Thereafter, we explain decision theory (rational and behavioral) as a foundation of finance and show how it can be used in the construction of clients' portfolios and for the design of structured products. The question of how optimal portfolios should be adjusted over time is discussed in the following two chapters. The last chapters show how the new insights that behavioral finance has generated can be applied to client advisory, to designing behaviorally founded risk profiles, and to structuring the wealth management process. Thus, our books give a scientific foundation to financial advice given in private banking, which in practice is seen more as an art than a science. We believe that practitioners find some useful foundation for their work and that the transition from the art of advice to the science of advice is not disruptive but smooth.

This book is the second edition of the book Behavioral Finance for Private Banking that was published in the middle of the financial crisis. Many banks and financial advisors used the existing body of knowledge to improve their products and advisory services. A tool that we have developed demonstrates how this can be done.2 In addition, this book benefits from insights of new areas of research such as cultural finance, neurofinance, and fintech.
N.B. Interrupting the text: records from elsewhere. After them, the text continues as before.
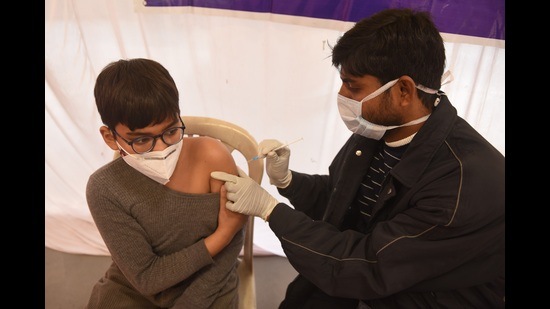 A beneficiary receiving Covid vaccine. The state has reported a total of 20,78,764 Covid cases and 23,519 deaths till now (HT FILE PHOTO)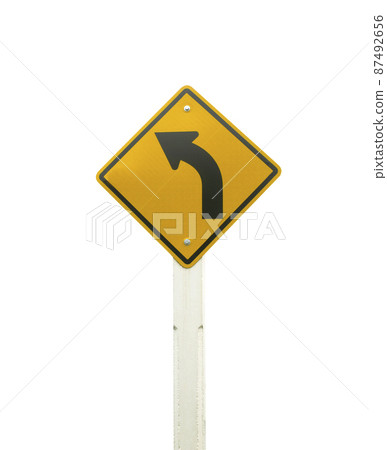 warning sign on the left curve means the way ahead is a left curve. warning sign on the left curve means the way ahead is a left curve. 87492656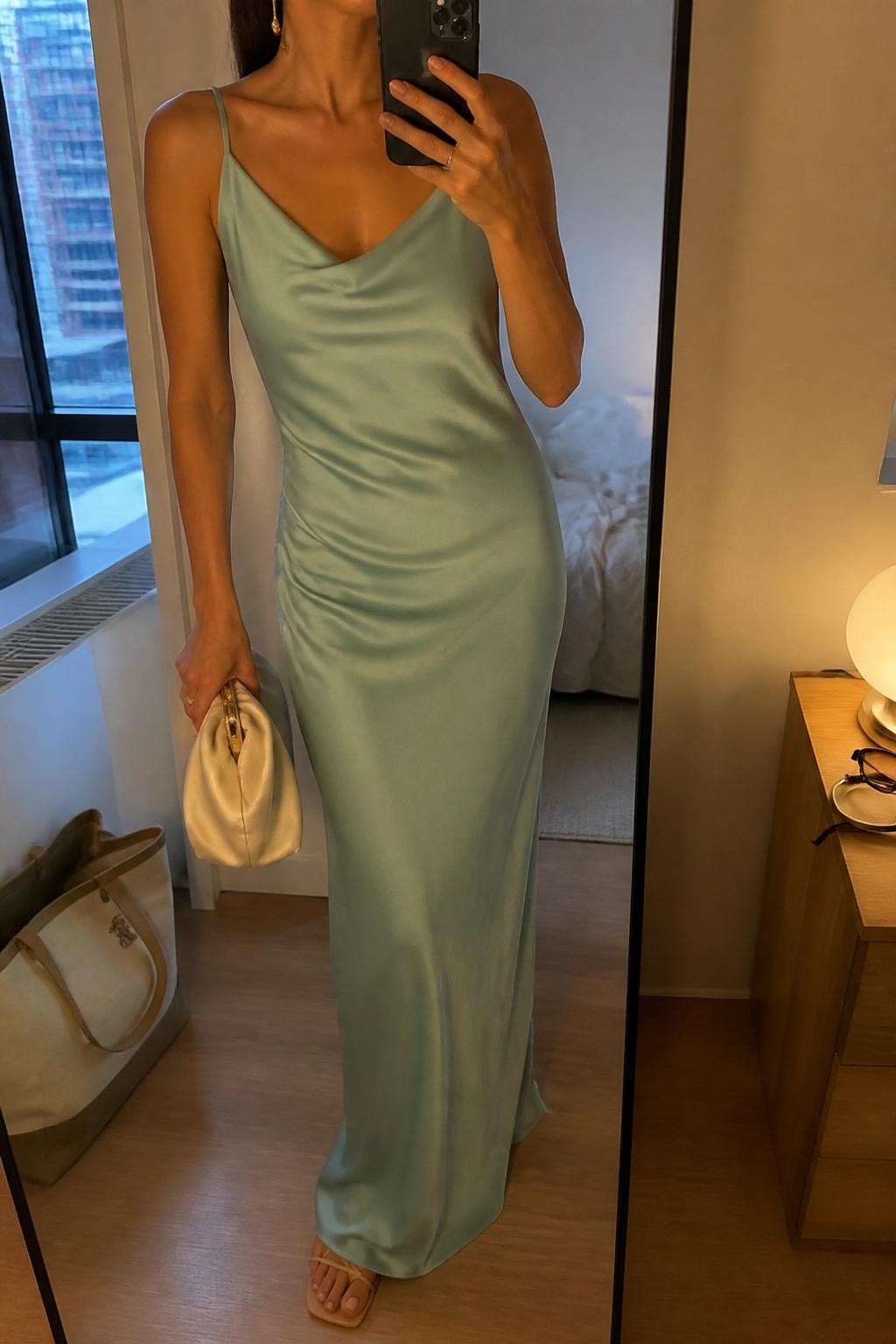 Image prompt
mirror selfie of a woman wearing a seafoam satin maxi dress with a soft drape, nude thin strap flat sandals, small gold drop earrings, and a small satin clutch, holding a phone in front of a mirror, cropped at NECK so face doesn't show, with a natural casual selfie pose, in a city apartment, warm moody lighting, including small lived-in details like a tote bag on the floor, sunglasses on a dresser, or soft bedding in the background, latest iPhone photo quality.
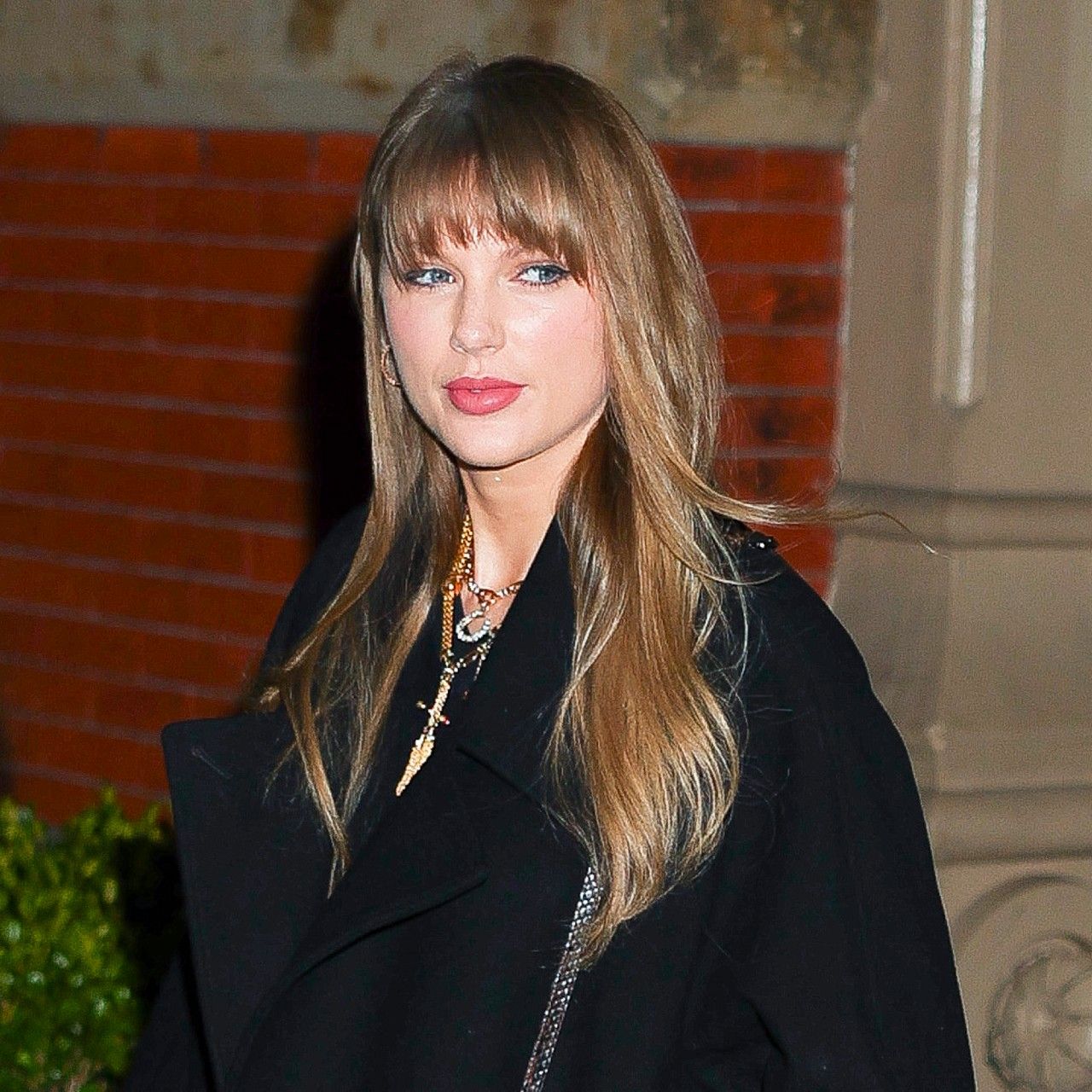 a white woman with dark blonde hair walking in a black trench coat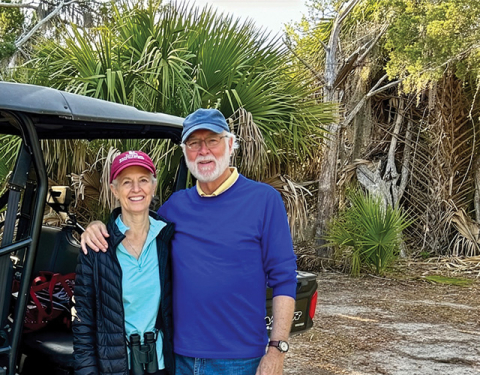 President Emeritus G. Wayne Clough and his wife, Mara Loftman, standing in front of subtropical vegetation including palm trees near the Georgia coast.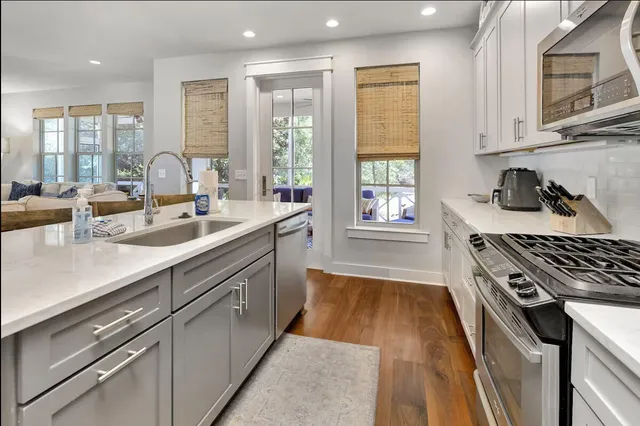 a kitchen with kitchen island a counter top space a sink a refrigerator and a stove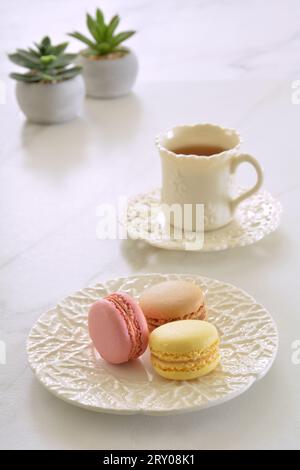 Delicate pastel coloured macaroons with dainty cup of tea on marble background in vertical format. Stock Photo
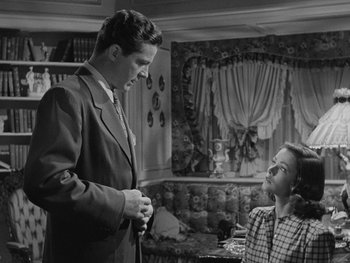 Movie still from “Laura” (1944), directed by Rouben Mamoulian – A man and a woman in a living room talking to each other; Medium shot, Low angle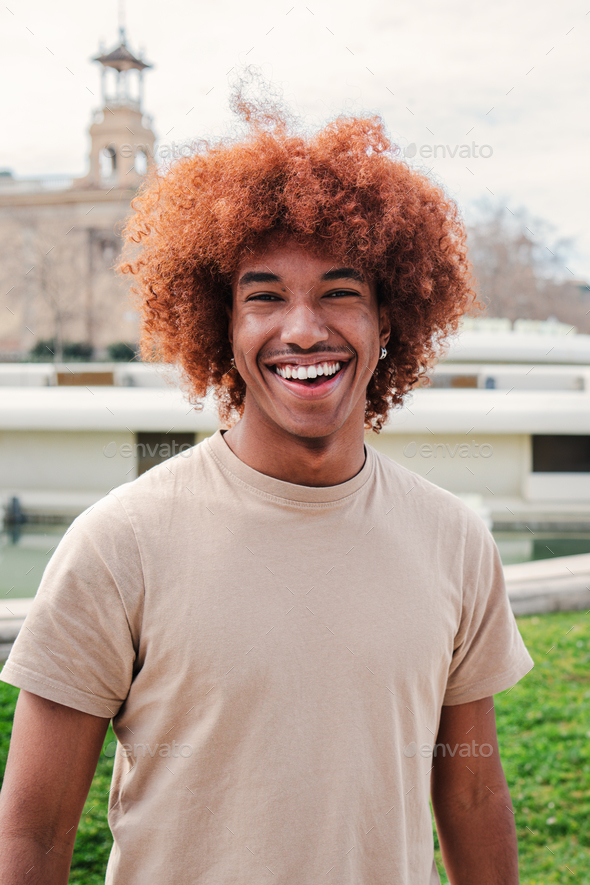 Individual portrait of one joyful african american guy with afro hair looking at camera with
Finally, it compares the insights behavioral finance has gained with the new regulatory requirements in Europe (MiFID II) and in Switzerland (FIDLEG).

We are grateful to Mei Wang and Marc Oliver Rieger for their collaboration in the assessment of the cultural dimensions of investors' behavior. Moreover, this work greatly benefited from BhFS Behavioral Finance Solutions, a spinoff firm of the University of Zurich and the University of St. Gallen, which allowed us to present their tools. Last but not least we are grateful to the Wiley team and to Marie Hardelauf for their patience and help in editing our book.

NOTES

1

An arbitrage strategy is a strategy that generates positive returns at no risk. The assumption that arbitrage is unlimited means that arbitrage strategies can be implemented in the real‐world and their costs is low.

2

Access to a demo version of the tool can be requested from

[email protected]

.

CHAPTER 2Behavioral Biases

Behavioral finance research is driven by observations suggesting that individuals' decisions can be irrational and different from what previous theories assume. In this chapter, we will see that individuals' decisions can be systematically wrong because people's decisions are driven by emotions or misunderstandings or because people use inappropriate rules of thumb, also called heuristics, to handle information and make decisions. Certainly, financial markets are very complex so that optimization can lead to fragile results and good heuristics are preferable.1 But what is typically observed is that people apply successful heuristics from other domains without properly assessing their effect in the investment domain. One example for the latter is adaptive learning, which is very successful in many day‐to‐day situations like choosing food: One tries out a new wine. If one likes it, one buys it again. However, in finance it leads to buying assets when they are expensive and selling them when they are cheap, as the roller coaster in Figure 2.01 illustrates.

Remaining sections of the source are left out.